In 1994, a Task Group appointed by the Cooperative Cataloging Council, now known as the Program for Cooperative Cataloging (PCC), defined a core record standard. The core record standard specifies a minimum set of data elements below which the PCC has agreed program records will not go, although the standard itself can be used by any library. The core standard was established within a MARC environment and was designed specifically to be used within the context of the Program for Cooperative Cataloging’s national cataloging program. However, the minimum set of data elements could be adopted by any metadata standard, including ONIX.

All of the elements are present in ONIX that are needed in a MARC record to make a core (or full) record except for type of material and indicators. ONIX would therefore be suitable for a core record or for a bibliographic record, as far as the data elements themselves are concerned. The usefulness would currently be limited to printed books, however, and there might need to be a mechanism developed that could serve the same purpose as indicators to facilitate the display of the data elements in a catalog.

However, a hallmark of the PCC core record standard which sets it apart from most other metadata schemes, is that all of the non-descriptive data elements, the access points, are required to be under authority control. The ONIX metadata standard does not have any such requirement and, therefore, would be considered deficient for use in most library catalogs without additional work being done to integrate them with authority-controlled records and collocate the headings. It should be noted that the ONIX standard does include many data elements which ordinarily reside in authority records rather than bibliographic records, such as some of the elements for Contributors, such as professional position, affiliation, biographical note, etc.

In September 1997, Standing Committee of the IFLA Section on Cataloguing published its final report on the Functional Requirements for Bibliographic Records. The four user tasks set forth in that report are: find, identify, select, obtain. As the ONIX standard has all of the data elements that are present in the core (or full) standard for bibliographic records, it can be said that ONIX records could be considered as successful in meeting these four fundamental user needs as the traditional MARC record. The one area of deficiency, already noted, is the lack of authority control that could make any of the user tasks more difficult or time-consuming.

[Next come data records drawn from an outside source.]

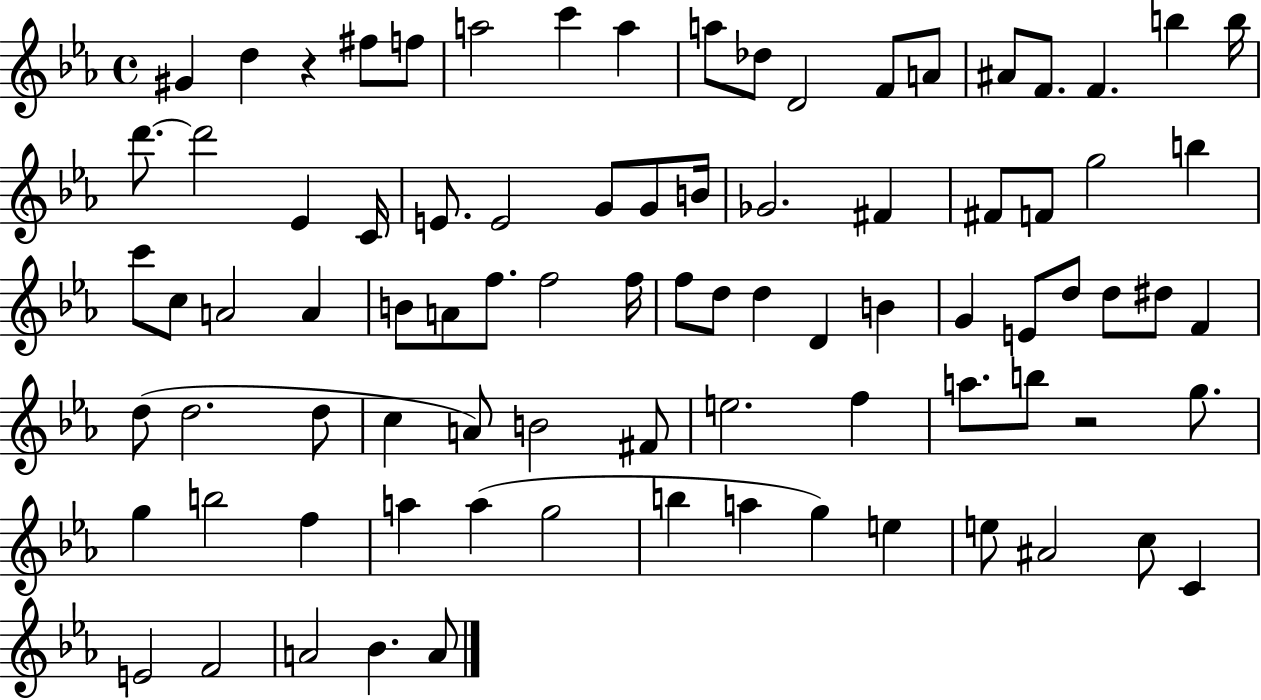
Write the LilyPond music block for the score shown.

{
  \clef treble
  \time 4/4
  \defaultTimeSignature
  \key ees \major
  gis'4 d''4 r4 fis''8 f''8 | a''2 c'''4 a''4 | a''8 des''8 d'2 f'8 a'8 | ais'8 f'8. f'4. b''4 b''16 | \break d'''8.~~ d'''2 ees'4 c'16 | e'8. e'2 g'8 g'8 b'16 | ges'2. fis'4 | fis'8 f'8 g''2 b''4 | \break c'''8 c''8 a'2 a'4 | b'8 a'8 f''8. f''2 f''16 | f''8 d''8 d''4 d'4 b'4 | g'4 e'8 d''8 d''8 dis''8 f'4 | \break d''8( d''2. d''8 | c''4 a'8) b'2 fis'8 | e''2. f''4 | a''8. b''8 r2 g''8. | \break g''4 b''2 f''4 | a''4 a''4( g''2 | b''4 a''4 g''4) e''4 | e''8 ais'2 c''8 c'4 | \break e'2 f'2 | a'2 bes'4. a'8 | \bar "|."
} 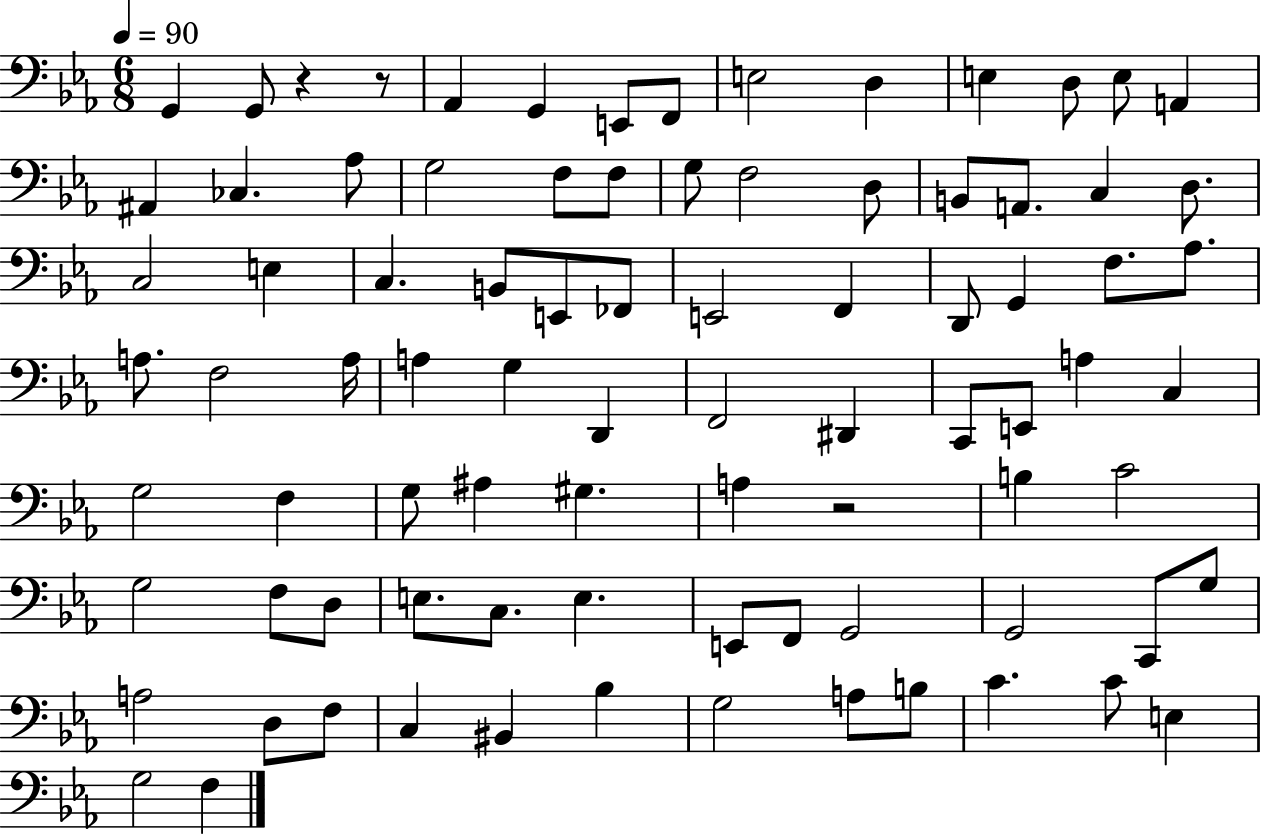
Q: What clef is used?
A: bass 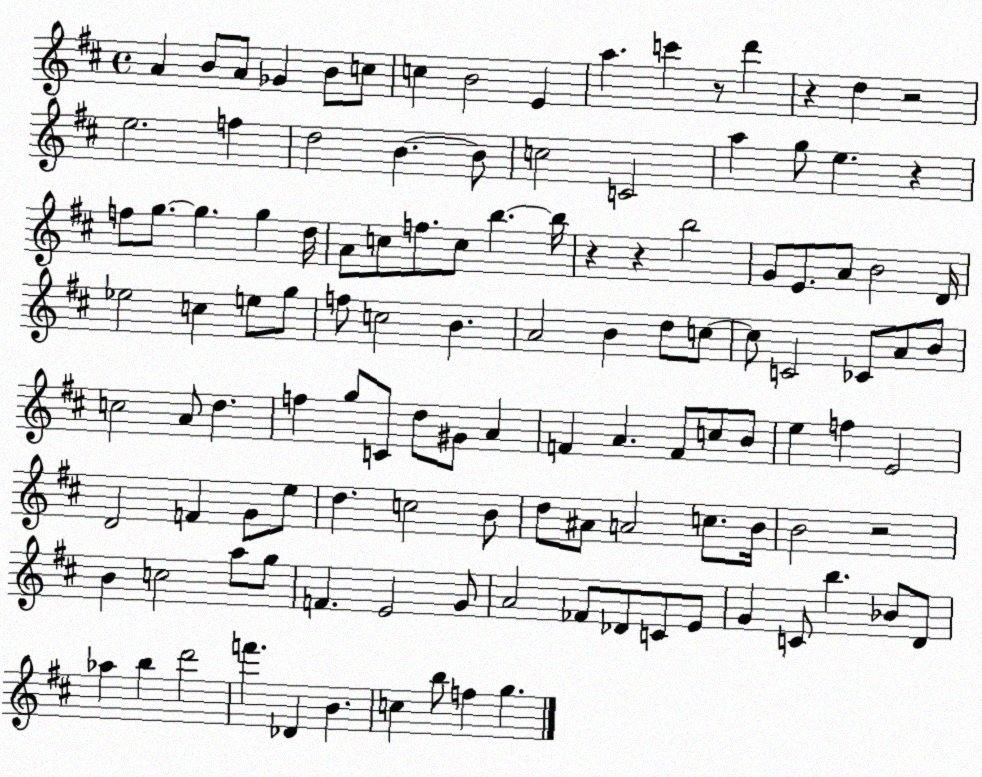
X:1
T:Untitled
M:4/4
L:1/4
K:D
A B/2 A/2 _G B/2 c/2 c B2 E a c' z/2 d' z d z2 e2 f d2 B B/2 c2 C2 a g/2 e z f/2 g/2 g g d/4 A/2 c/2 f/2 c/2 b b/4 z z b2 G/2 E/2 A/2 B2 D/4 _e2 c e/2 g/2 f/2 c2 B A2 B d/2 c/2 c/2 C2 _C/2 A/2 B/2 c2 A/2 d f g/2 C/2 d/2 ^G/2 A F A F/2 c/2 B/2 e f E2 D2 F G/2 e/2 d c2 B/2 d/2 ^A/2 A2 c/2 B/4 B2 z2 B c2 a/2 g/2 F E2 G/2 A2 _F/2 _D/2 C/2 E/2 G C/2 b _B/2 D/2 _a b d'2 f' _D B c b/2 f g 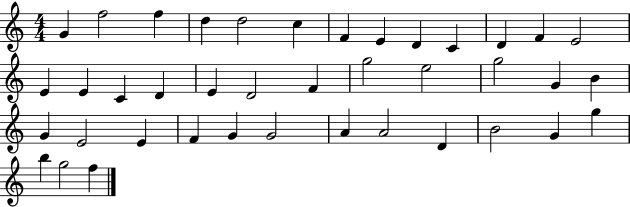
X:1
T:Untitled
M:4/4
L:1/4
K:C
G f2 f d d2 c F E D C D F E2 E E C D E D2 F g2 e2 g2 G B G E2 E F G G2 A A2 D B2 G g b g2 f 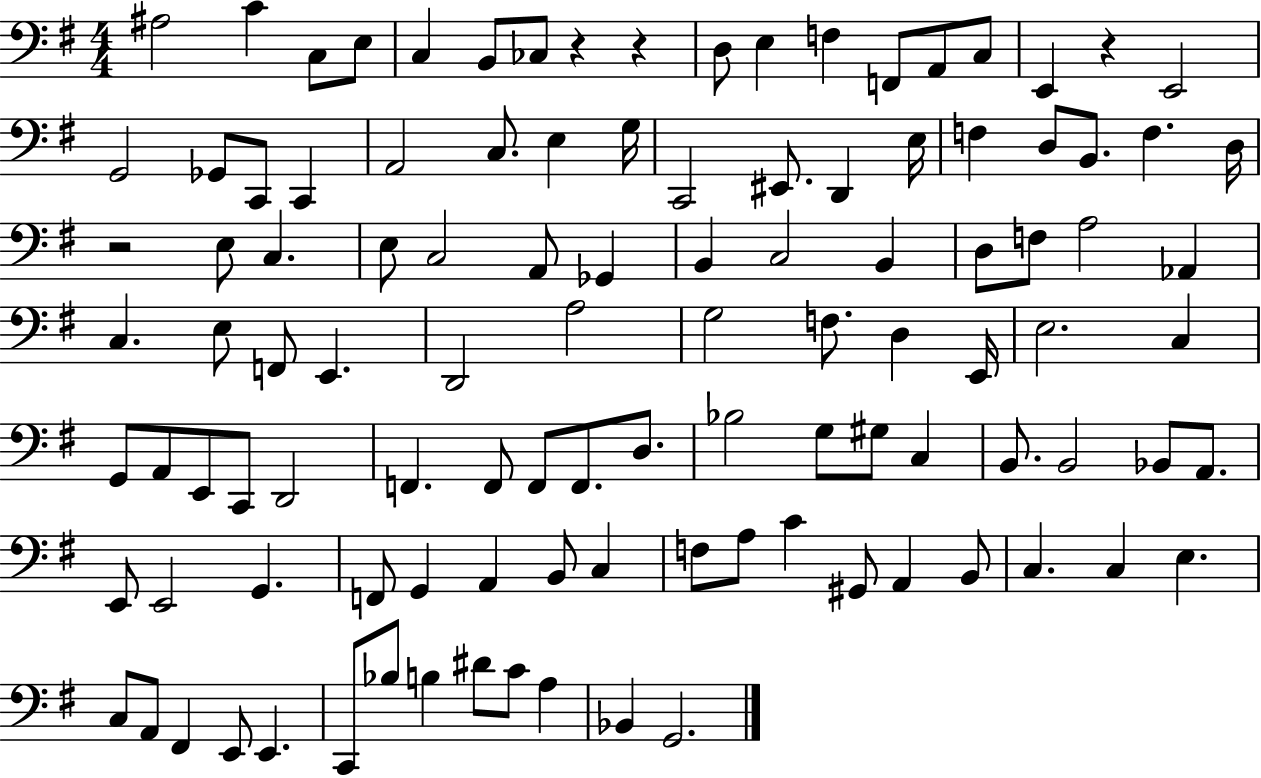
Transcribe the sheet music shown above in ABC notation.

X:1
T:Untitled
M:4/4
L:1/4
K:G
^A,2 C C,/2 E,/2 C, B,,/2 _C,/2 z z D,/2 E, F, F,,/2 A,,/2 C,/2 E,, z E,,2 G,,2 _G,,/2 C,,/2 C,, A,,2 C,/2 E, G,/4 C,,2 ^E,,/2 D,, E,/4 F, D,/2 B,,/2 F, D,/4 z2 E,/2 C, E,/2 C,2 A,,/2 _G,, B,, C,2 B,, D,/2 F,/2 A,2 _A,, C, E,/2 F,,/2 E,, D,,2 A,2 G,2 F,/2 D, E,,/4 E,2 C, G,,/2 A,,/2 E,,/2 C,,/2 D,,2 F,, F,,/2 F,,/2 F,,/2 D,/2 _B,2 G,/2 ^G,/2 C, B,,/2 B,,2 _B,,/2 A,,/2 E,,/2 E,,2 G,, F,,/2 G,, A,, B,,/2 C, F,/2 A,/2 C ^G,,/2 A,, B,,/2 C, C, E, C,/2 A,,/2 ^F,, E,,/2 E,, C,,/2 _B,/2 B, ^D/2 C/2 A, _B,, G,,2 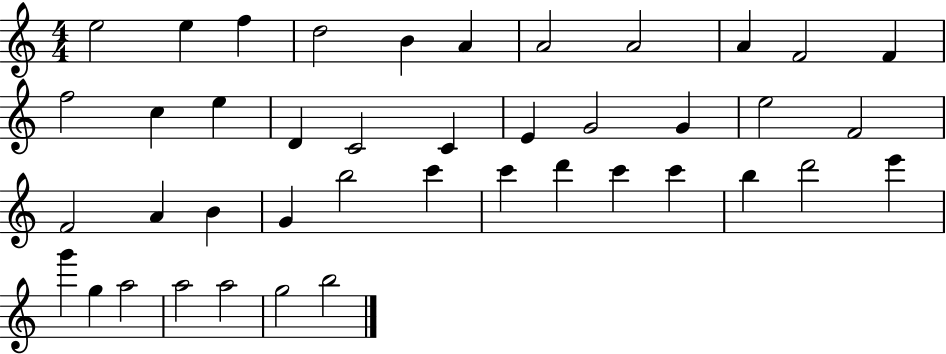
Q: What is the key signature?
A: C major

Charge 3: Assessing the consequences and impact of integrating records containing the ONIX International metadata into library databases, evaluating mechanisms for integration, and recommending appropriate measures for libraries

The assessment is divided into three sections: administrative data fields, descriptive data fields and access data fields (names and subjects/genres) RLIN and OCLC already accept publisher records in their databases with the assumption that these records are useful as a basis of cataloging, that is to say, it is better than cataloging from scratch. Libraries are accepting mark records created by vendors of aggregator databases of electronic journals, e.g. Ebsco. However, if the cataloger must remember to update headings, strip out unwanted descriptive information whether they be recorded in subfields in variable fields or fix fields, then it may be more bother than it worth in some cases. There has been a preliminary published by Celia Burton, “ONIX for libraries,” which reports on a survey of British librarians on the usefulness of the ONIX fields (http://www.bic.org.uk/onixlibrep.doc) for cataloging. In the survey, British librarians were asked to rank the various fields according to whether they were essential or important. Low percentages in both suggest that fields lack usefulness in terms of management or meeting the functional requirements of the bibliographic record. What the survey did not ask is whether the field should be excluded all together from the libraries databases.

Administrative Data Elements

ONIX has 30 administrative fields, which includes the message header data fields. The fields that pertain to the control and management of the ONIX database but would not be useful to the rest of the bibliographic universe could be filtered out during the export process of as part of the importation to one of the utilities. Examples would include the header fields containing the DTD type, message release version, contact information for the publisher. Currently these fields are not included in the mapping. (http://lcweb.loc.gov/marc/onix2marc.html) These fields are necessary for internal control for the publisher but have little or no value to the library community: supply-to-country, order-time, pack or carton quantity, tax rate, price effective from/until. Some of the sales promotion information may be interesting but may be misleading if not continually updated: copies sold, Book club adoption. If these fields were filtered out before being added to the utilities, the libraries would not miss them. In the Burton survey, The supplier and trade data (except for price amount), sales promotion information and message header data rated very low in importance. The LC web document suggests that the supplier and sales data which do not have equivalents in MARC, could be mapped to locally defined MARC elements. It may be judicious to map only the price information, and filter out all the other information.

Access: Names, Subjects

The most problematic aspect of using ONIX records is the difference in the form of the heading within an access fields. One of the functional requirements of a bibliographical record is that it is possible to locate all the works belonging to a given author or on a given subject or title. However, if the forms of names, titles and subjects do not collocate in a library’s catalog, it makes this task more difficult.

Names

Main entry is essentially ignored in ONIX. All authors are tagged “Contributor” and listed sequentially with their accompanying information. The personal names are given in their natural word order and inverted form. Corporate and Conference names are given in a single string in natural word order. According to the Pearson mapping, the first personal name will be added to the 1xx or main entry field. [note 1] In each case a scenario is given on how to map an unstructured name, structured, keyname. When there are multiple names, all subsequent names are sent to the appropriate 7xx field. This would be true even if all names listed were editors of a collection of essays written by various authors. Conference and corporate names are mapped only to 7xx fields. Under the current rules, the cataloger would need to re-evaluate the nature of the contributors in order to determine any changes in the main entry.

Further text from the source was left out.